Entonces, entre la reinante penumbra, contemplé el rostro de Libelth, la mujer-lobo. ¡Y mi asombro no se detenía porque era la misma Helga! Una representación teatral muy bien lograda. No sabía qué decir. Esa mujer que se me entregaba con facilidad... ¡Para otros era inaccesible! Comprendí en aquel momento que eso me iba a traer problemas en el futuro. Sigue el espectáculo. En la entrepierna del hombre se veía claramente su pene erecto, la mujer se puso de rodillas. Empezó él a lamer y oler su coño por turnos como ciertos animales antes de aparearse. Su copiosa saliva, su rápida lengua se entremezclaban en la sonrosada raja de Helga y adoptaron la postura del perro para finalizar la actuación. Las embestidas del macho, del lobo como pretendían simbolizar eran rápidas y bruscas. Se oían los gemidos de la mujer y se observaba su rostro a caballo entre el dolor y el placer. Al mismo tiempo, el hombre pasaba sus manos para golpear con cierta saña las nalgas de la muchacha, hasta enrojecerse. Después alargó sus velludos brazos y palpó sus pechos y allí se detuvo unos instantes. Más que acariciarlos, los estrujaba. La mujer intentaba disimular las molestias. Y después él se apoyó con una mano en su espalda y con la otra tocó su clítoris. Entonces los gemidos de Helga se volvieron a oír. -Nino se está vengando -susurró de nuevo Rowena-. Me contaron las chicas que después de intentar emborracharla y gastarse una buena cantidad de florines la noche anterior, no pudo follársela. Ahora... -¡Ssst! -exclamó Miklos, que no podía disimular su excitación también-. ¡Callaos, por favor!
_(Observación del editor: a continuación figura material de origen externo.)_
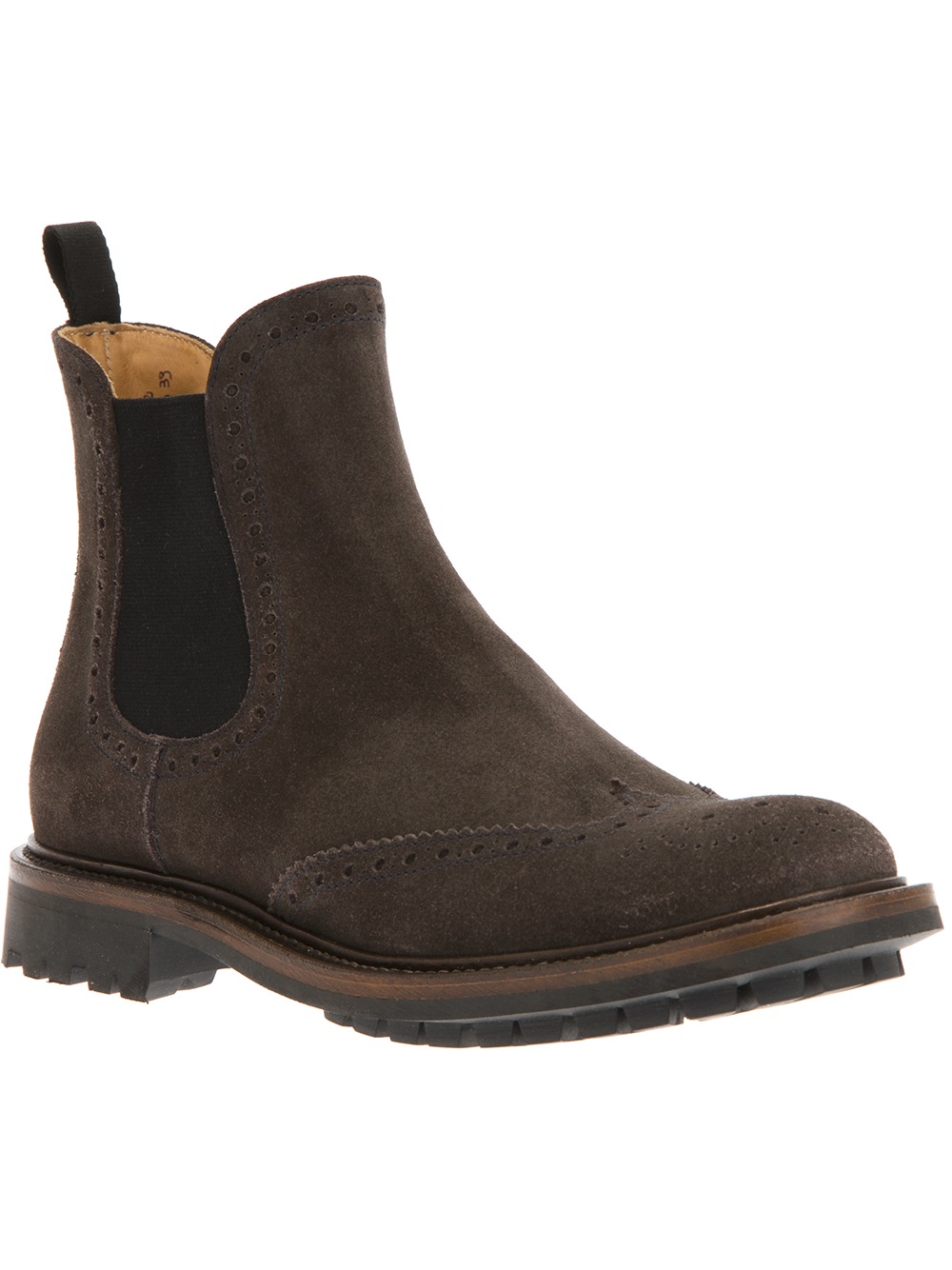 Church's Brogued Chelsea Boot in Brown | Lyst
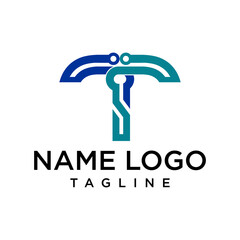 letter at monogram T tech style line art modern logo	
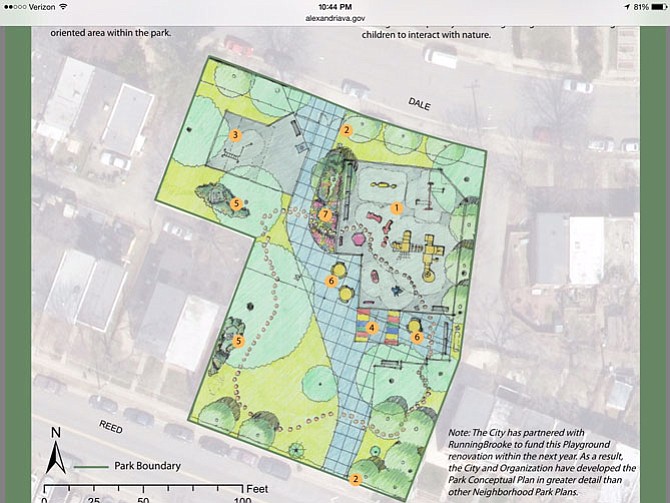 The plan for renovating the Hume Springs Park playground at 100 Dale St.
El hombre-lobo sacó del coño su miembro de repente. Estaba a punto de eyacular y la mujer se dio la vuelta rápidamente. Después de masturbarse unos segundos, una buena cantidad de semen se desparramó por la cara y los pechos de la mujer. Unos segundos... Convulsiones... Pérdida de la noción de la realidad por unos instantes. Luego... la calma. Los aplausos devolvieron la realidad al actor Nino, pues Helga, como posteriormente me explicó, no disfrutó mucho de aquel número, pues el individuo fue para hacerla daño adrede y tenía consciencia del dolor en cada momento y las asquerosas caricias de su antagonista. Se rumoreaba que los dos no volvieron a trabajar juntos, porque ella se quejó a Miklos, y el dueño argumentó en su defensa que en efecto había dejado bien claro que no estuviesen en el mismo espectáculo. Sin embargo alguien en el último momento decidió hacer el cambio. Las chicas comentaron con disimulo y cierto temor que antes se había pasado por el local el Sr. Sándor, amor frustrado que hacía meses acosaba a Helga descaradamente y el que de verdad mandaba en el club, y preparó aquello para maltratar a la chica. En los siguientes días dejé la habitación del hotel, que no me podía costear pues sabía que me iba a quedar allí una buena temporada, y me alojé en un pequeño estudio alquilado que afortunadamente ya estaba amueblado, cerca del casco antiguo de Budapest. Trabajaba solo por las noches, dormía por la mañana, y por la tarde acudía a un gimnasio y seguía las instrucciones de Dimitri durante el entrenamiento. Se murmuraba por la ciudad que pronto habría un nuevo combate de boxeo. Anochece.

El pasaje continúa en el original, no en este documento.